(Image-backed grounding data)
──────

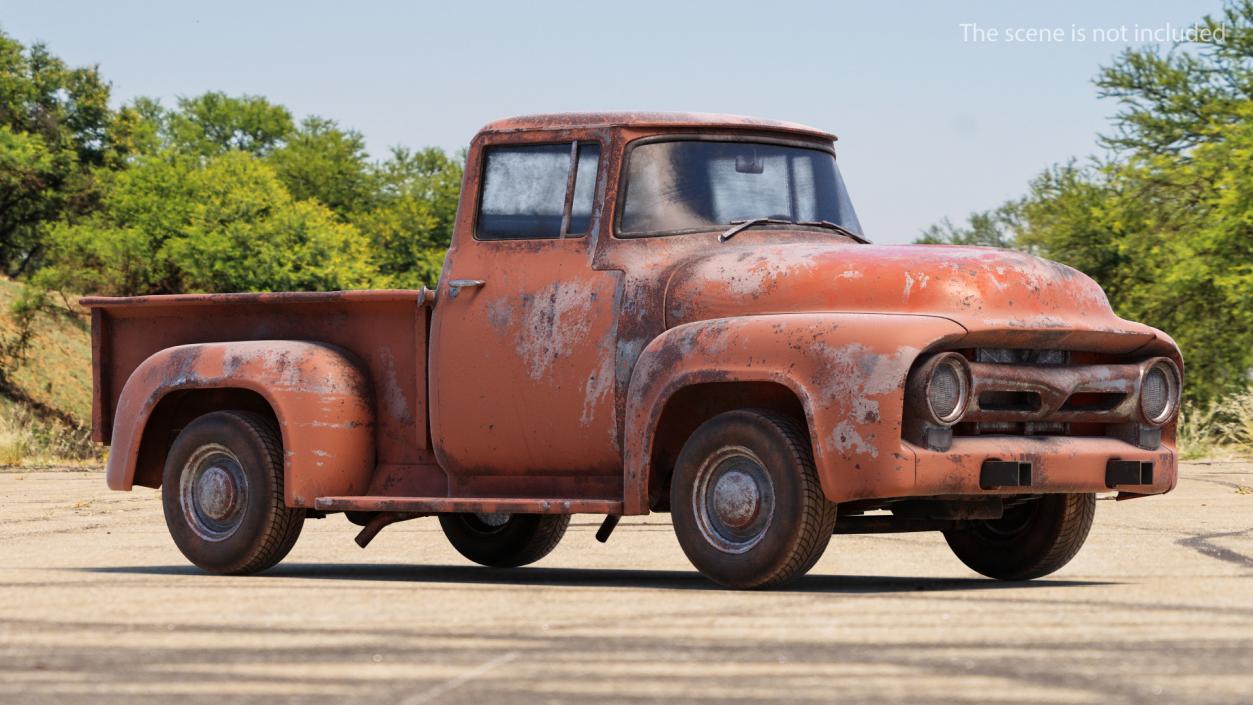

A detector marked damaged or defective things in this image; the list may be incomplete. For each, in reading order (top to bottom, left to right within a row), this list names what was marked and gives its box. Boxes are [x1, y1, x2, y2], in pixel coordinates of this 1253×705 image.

rusted fender [108, 340, 376, 506]
rusty ford f100 [83, 113, 1184, 584]
rusted fender [624, 314, 968, 512]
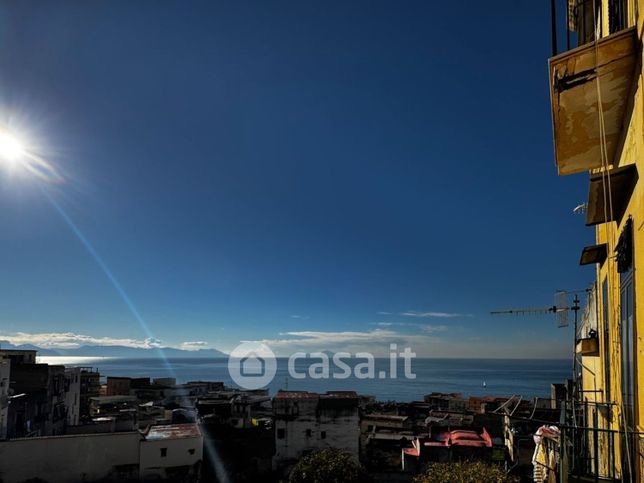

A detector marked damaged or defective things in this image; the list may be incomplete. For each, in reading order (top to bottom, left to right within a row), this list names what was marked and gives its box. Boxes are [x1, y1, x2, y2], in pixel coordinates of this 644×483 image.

rusty metal awning [548, 27, 640, 177]
rusty metal awning [588, 165, 636, 226]
rusty metal awning [580, 244, 608, 266]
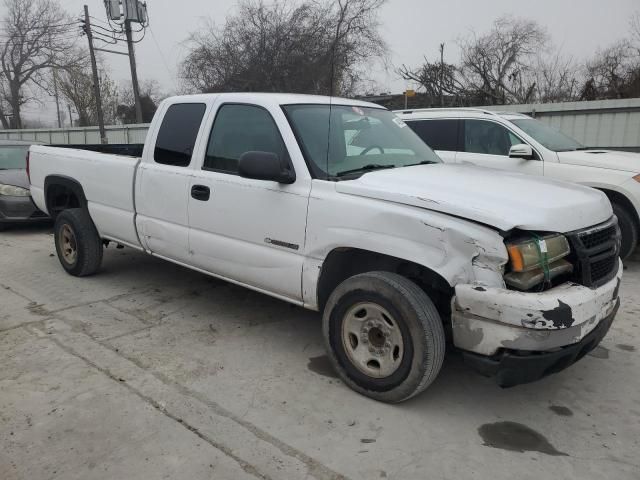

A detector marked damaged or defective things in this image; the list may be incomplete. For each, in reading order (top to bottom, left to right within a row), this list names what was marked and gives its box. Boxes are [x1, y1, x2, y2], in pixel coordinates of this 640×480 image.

cracked bumper [450, 258, 620, 356]
front end damage [452, 258, 624, 386]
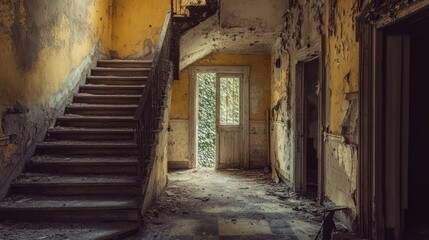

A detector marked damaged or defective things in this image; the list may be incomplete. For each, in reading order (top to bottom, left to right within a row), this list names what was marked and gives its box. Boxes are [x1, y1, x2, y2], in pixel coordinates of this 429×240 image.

cracked plaster wall [0, 0, 112, 197]
damaged ceiling [179, 0, 290, 69]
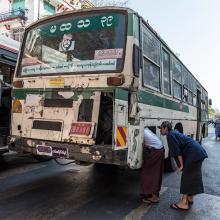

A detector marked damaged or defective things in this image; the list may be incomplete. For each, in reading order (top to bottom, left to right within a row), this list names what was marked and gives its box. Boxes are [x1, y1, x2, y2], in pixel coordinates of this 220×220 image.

rusted bus body [8, 6, 208, 168]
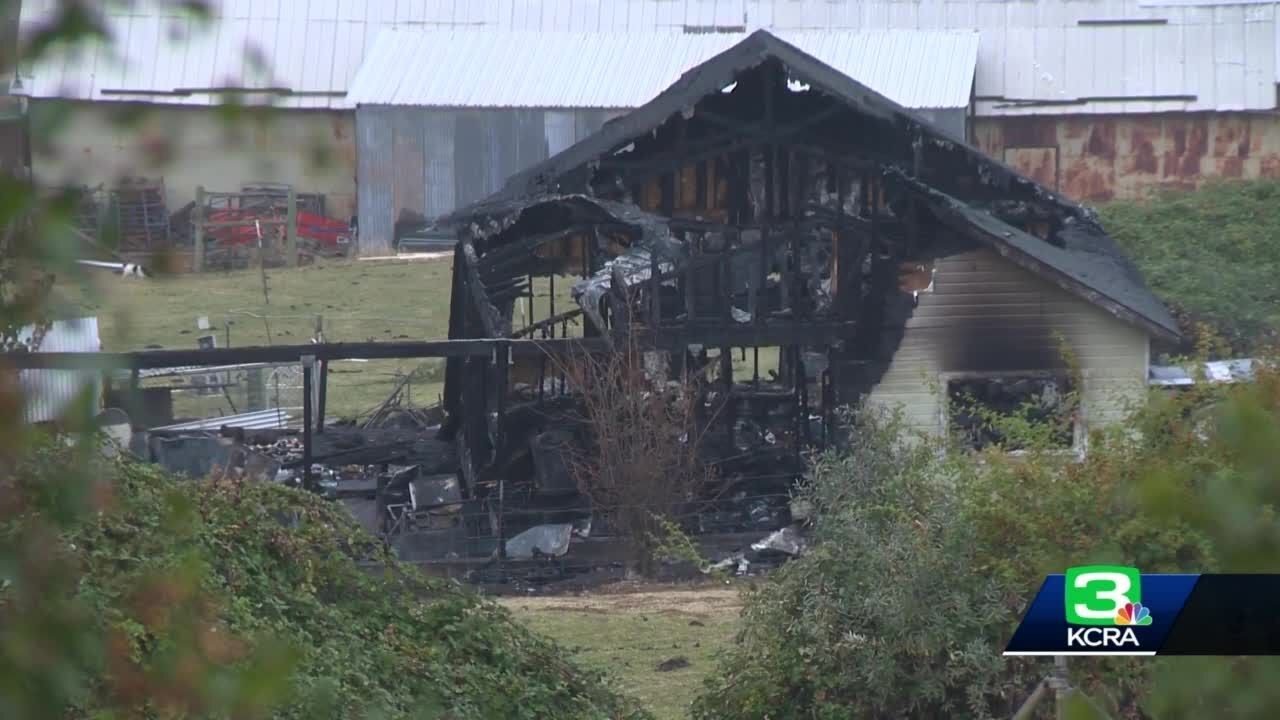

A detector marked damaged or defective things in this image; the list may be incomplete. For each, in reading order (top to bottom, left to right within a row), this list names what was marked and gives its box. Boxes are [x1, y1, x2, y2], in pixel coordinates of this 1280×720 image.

rusty corrugated wall [356, 105, 624, 255]
rusty corrugated wall [976, 112, 1280, 202]
fire-damaged house [418, 29, 1168, 564]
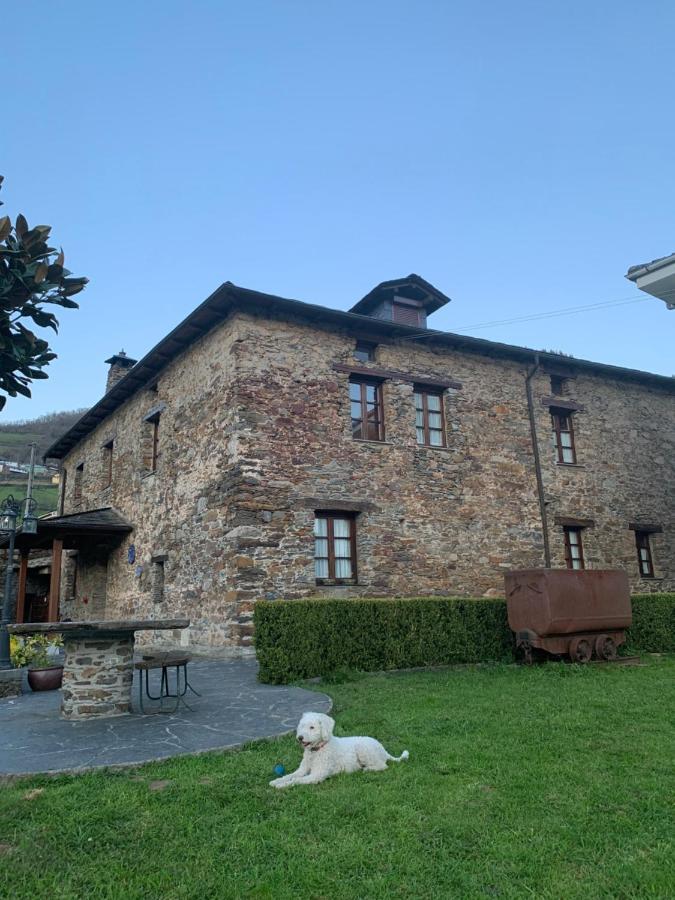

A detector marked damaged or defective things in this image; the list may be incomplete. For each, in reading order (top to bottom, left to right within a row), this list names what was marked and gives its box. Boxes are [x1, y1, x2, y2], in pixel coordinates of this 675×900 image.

rusty mining cart [508, 568, 632, 660]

──────

(Task details):
Take the line that contains "this 429×240 image." and every line after it down to the last line of the entries above, and output them exactly, with nothing else and no pictures.

(Task output):
A detector marked damaged or defective things in this image; the list may be incomplete. For each, in reading order (top to bottom, left to right within a row), this list names what was marked and gives its box. Boxes are [x1, y1, x2, y2], in pixel coordinates of this 429×240 image.

cracked plaster wall [0, 0, 112, 197]
damaged ceiling [179, 0, 290, 69]

A detector marked damaged or defective things in this image; the list may be incomplete. For each, in reading order (top to bottom, left to right within a row), this list names what was marked and gives its box. Boxes are [x1, y1, x2, y2], in pixel coordinates of this 220×220 image.

rusted bus body [8, 6, 208, 168]

A detector marked damaged or defective things in this image; the list may be incomplete. For each, in reading order (top to bottom, left to right within a row), this list names what was marked and gives its box. Boxes are [x1, y1, x2, y2], in pixel coordinates of this 1280×720 image.

rusty corrugated wall [356, 105, 624, 255]
rusty corrugated wall [976, 112, 1280, 202]
fire-damaged house [418, 29, 1168, 564]

A detector marked damaged or defective things in this image; the list may be incomplete. For each, in reading order (top to bottom, left to right within a row), this list names what was marked and gives its box. Boxes are [x1, y1, x2, y2], in pixel coordinates of this 675×900 image.

rusty mining cart [508, 568, 632, 660]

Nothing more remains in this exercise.